I should have known that when they asked if I wanted chilli sauce with the cake that it would not be my thing. It was rubbery and jelly-like at the same time, and had a strange lack of taste, which suggested it had been made with unripe pumpkins.

Three pieces of disgusting pumpkin cake = RM2 (£0.33)

My next purchase after a few minutes was at this stall which proclaimed' Fruit Candy Stick'. I was intrigued as I had not seen this before, and so I bought one to try it. The fruit was prepared in a similar way to a toffee apple back in the UK, and was quite effective with strawberry and pineapple. Slightly odd with grapes though.

One Candy Fruit Stick = RM3.50 (£0.60)

My next stop was at a Taiwanese stall selling sausages. Among the flavours they had available, Honey Lime sausages sounded by far the most delicious, so I bought one. 

One Honey Lime Sausage = RM2.50 (£0.40)

It was without doubt one of the most delicious sausages I have ever tasted, as the sweet honey compliment the salty pork meat, and the lime cut through it all with a sour burst. It may not be to everyone's taste, but I loved it.

The stall also sold pieces of strange cake-jelly, which after the experience with the similar pumpkin cake, I declined to try, but it looked fairly appealing.

I briefly paused in my attempt to efforts to eat everything in sight to watch the karaoke performed by locals on a large stage towards the far end of the market. As the songs were mostly in Chinese, I was unsure whether they were doing a good job or not, though the apathy of the audience suggested they at least were not spectacular. Personally, I was more distracted by the advert behind the warbling singers showing footballers advertising Mister Potato crisps (they are basically mock-Pringles). It rather made the whole affair less cultural and more commercial!

There were these strange glow in the dark pendants everywhere.

Some of the stalls in the market used some odd phrases in English, and a couple were downright bizarre. This durian stall below selling 'Normal Clones' was particularly odd. 

Whereas I feel 'Big Tart: Cookies and Bread Station' was a rather deliberate use of English. In Malaysia, there are so many competent English speakers, but equally so many Malaysians unable to speak much English at all, that it is sometime hard to know whether the mistake is intentional or accidental. 

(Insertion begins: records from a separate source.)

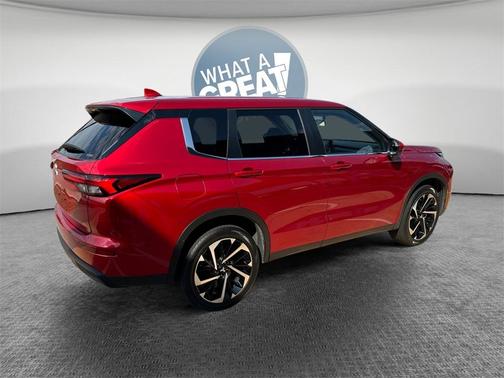 2024 Mitsubishi Outlander ES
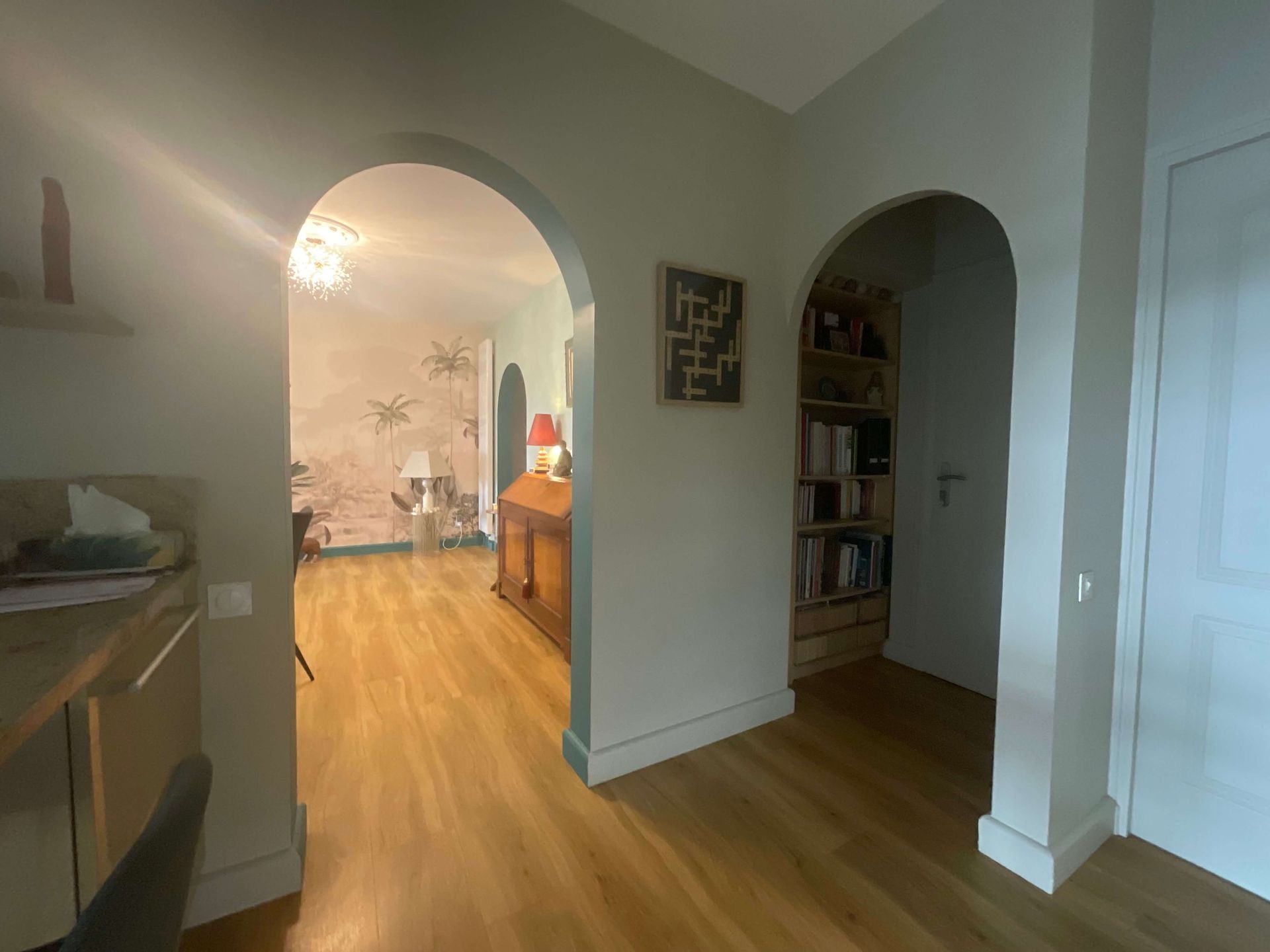 Rénovation d'une salle à manger-séjour à Paray le Monial-Papier-peint jungle-ambiance colonniale-cuisine ouvertures en arche-Couleurs d'intérieur basé à La Clayette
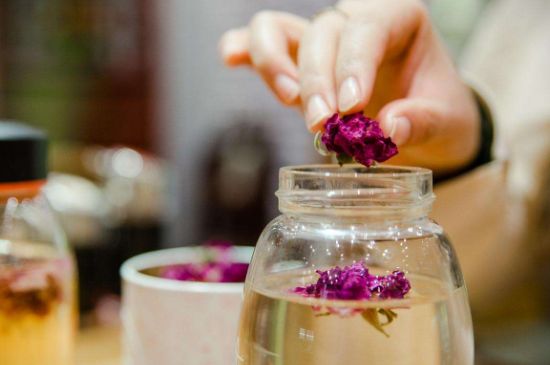 好玫瑰花茶多少錢(qián)一斤啊，玫瑰花茶價(jià)格多少錢(qián)合理？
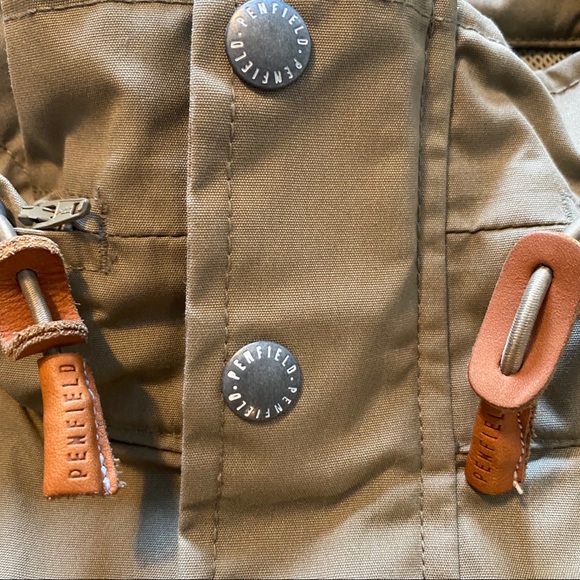 PENFIELD waterproof light jacket - Picture 5 of 11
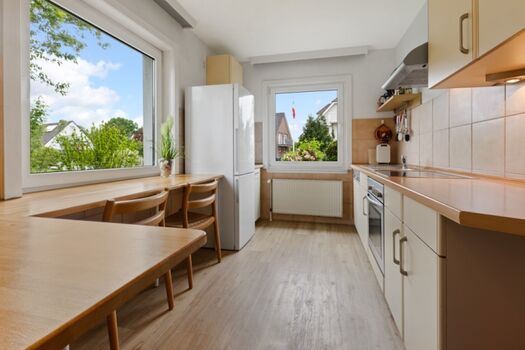 Küche mit Sitzplatz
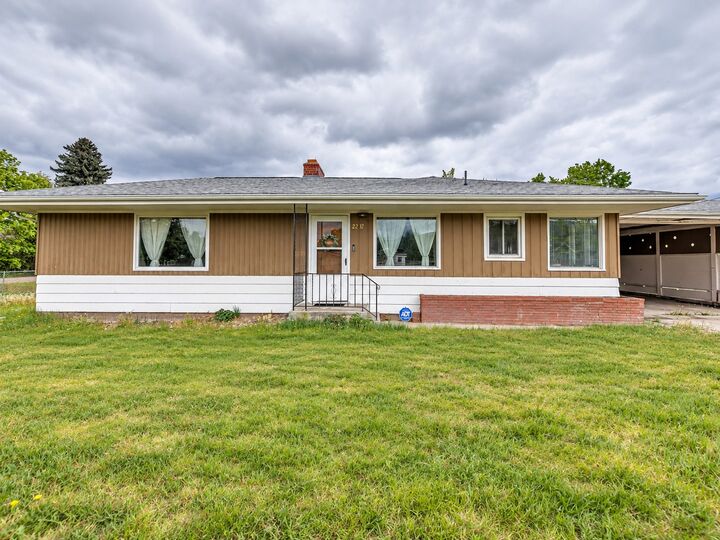 Property Photo:  2212 37th Avenue  MT 59804 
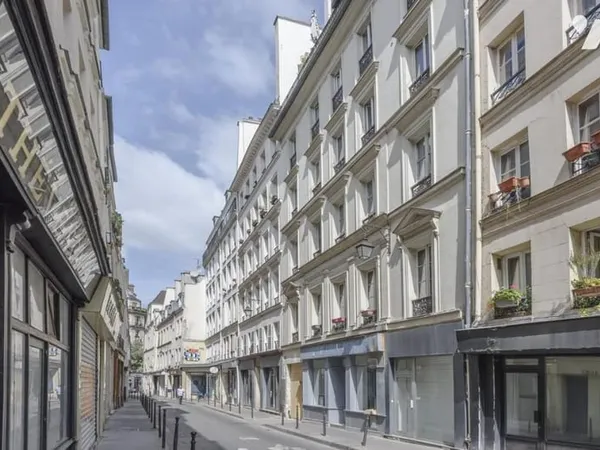 Cet appartement de 4 pièces, comprenant trois chambres, une salle de bains et un WC indépendant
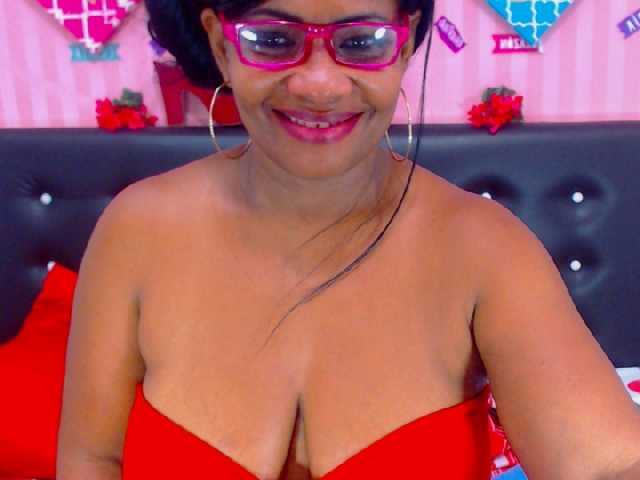 Фотографії AdaBlake Welcome to my room! let's have a horny morning #lovense lush: #allnatural #ebony #pussy #squirt #latina bigtits #bigass - #cum show at goal!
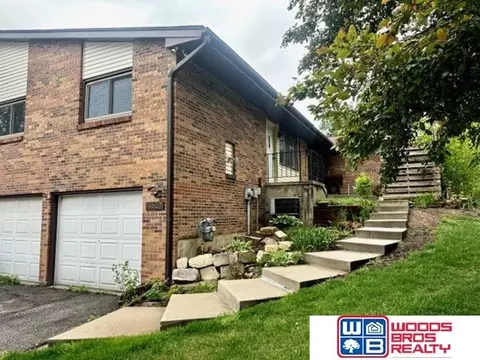 4607 Grassridge Rd, Lincoln, NE 68512
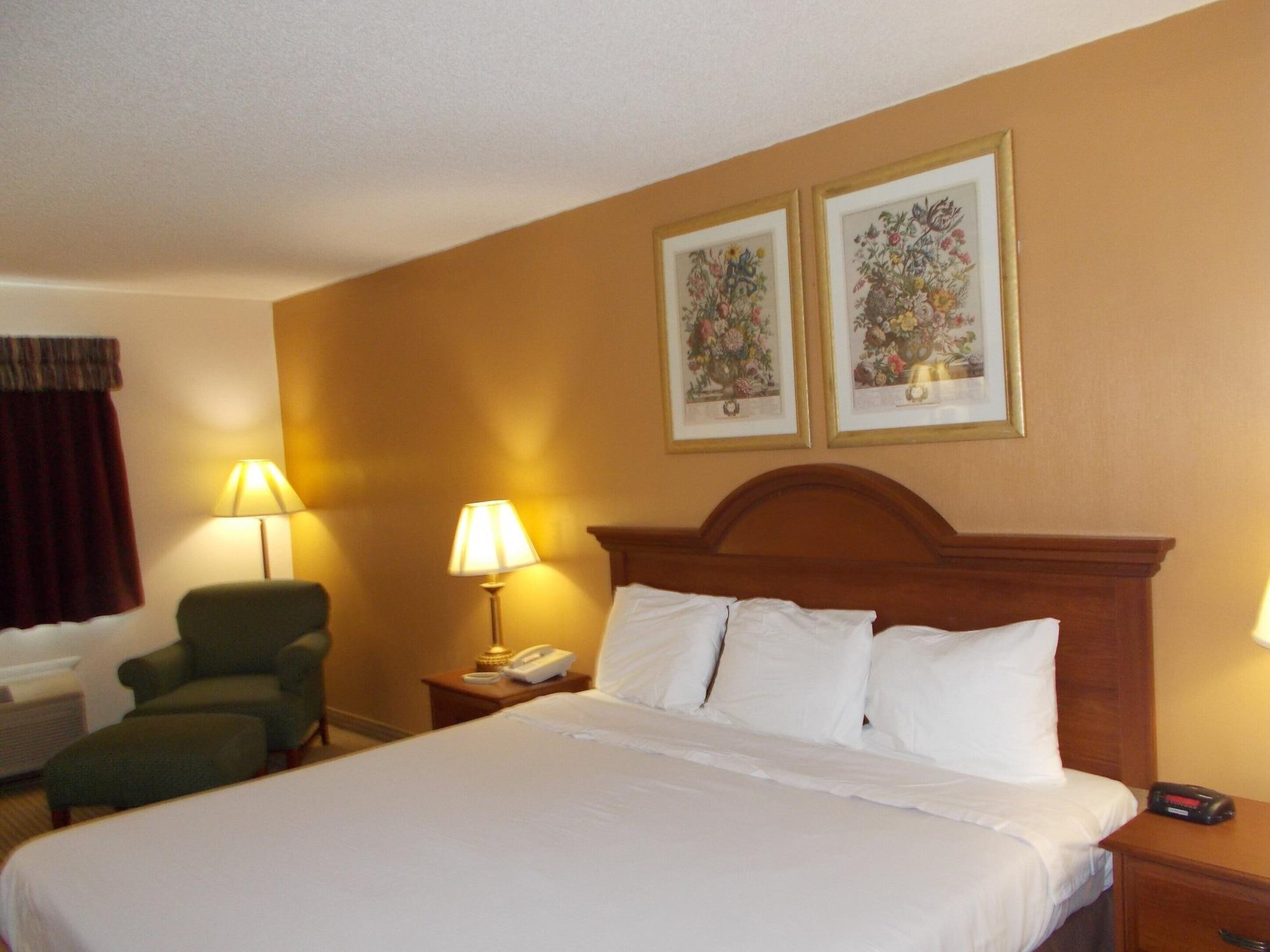 Royalton Inn And Suites, Wilmington,Ohio Екстер'єр фото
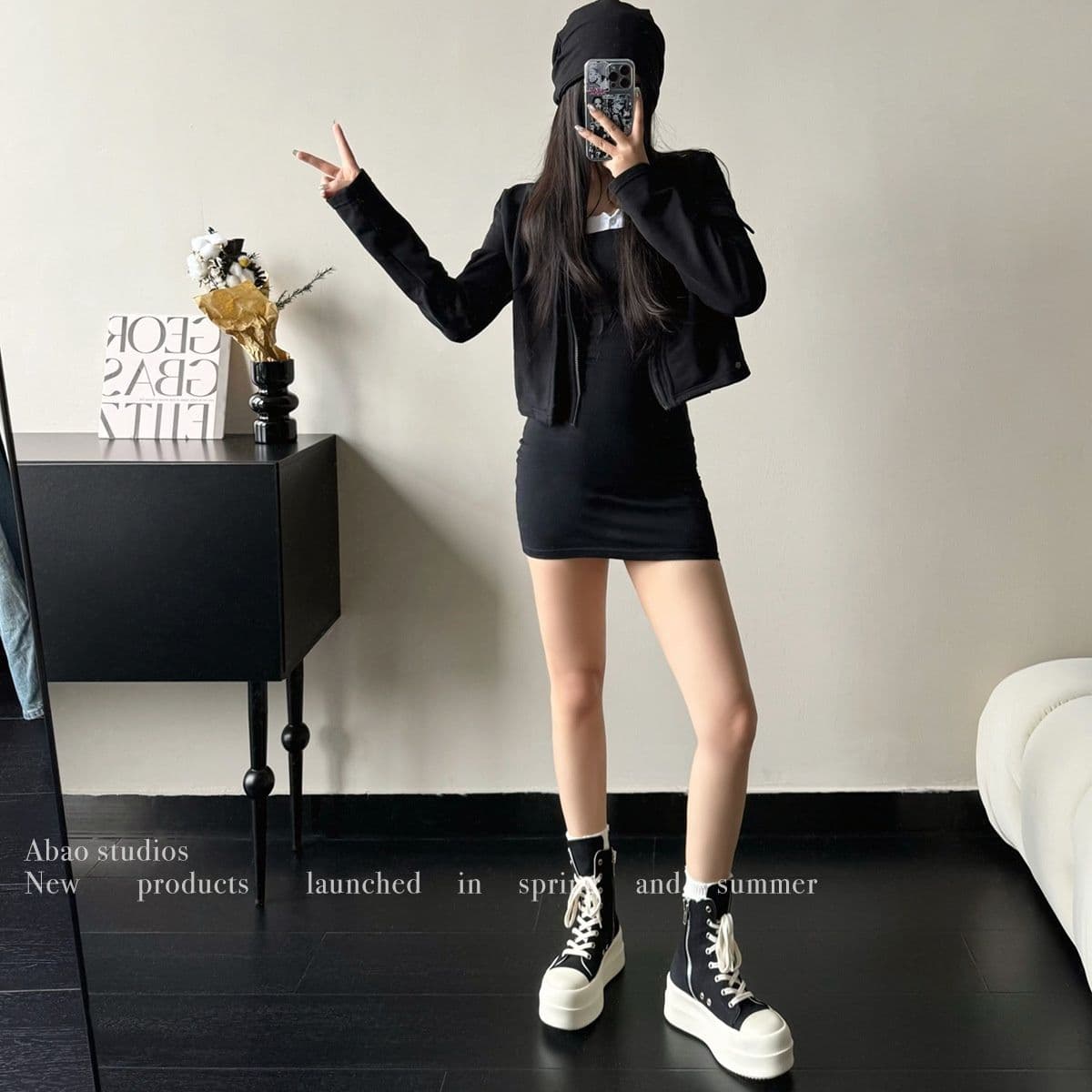 ハイカットスニーカー 脚長効果 スタイリッシュ 美脚 厚底 サイドジップ クッション性 ボリュームソール 目立つ カジュアル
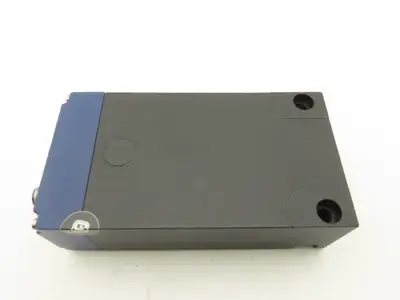 Schmersal AZM400Z-ST-1P2P Solenoid Interlock Safety Switch Electronic RFID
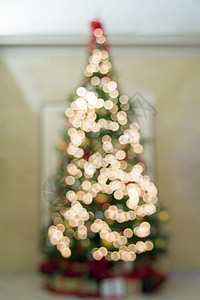 圣诞树以Bokeh灯光为焦点背景图片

By now, it had been about ten minutes since I had eaten anything, so I found myself some miniature octopus on a stick to chew on for just RM 2 (£0.33). It was delicious and spicy, and made me miss the cheap seafood of Thailand. 

My final snack of the night was these amazing fritter-like objects photographed below.

They consisted of ready-cooked chips dipped in batter and re-deep-fried, which turned them into an unhealthy, salty, fatty potato fritter, or a super hash brown! It was incredibly delicious, and reminiscent of Chipsy Mayai (Egg Omelette) which I had loved when I visited Tanzania just under four years ago. 

One chip fritter = RM 3 (£0.50)

After I had demolished several chip fritters, I was really feeling full. I continued back through the market towards my hostel, briefly stopping to pick up some Peach tea from a vendor, before I turned off down a side street back to my hostel for a well-earned sleep.

Total spent on streetfood (excluding tea): RM17 (£2.87). Not bad for several hours full of eating!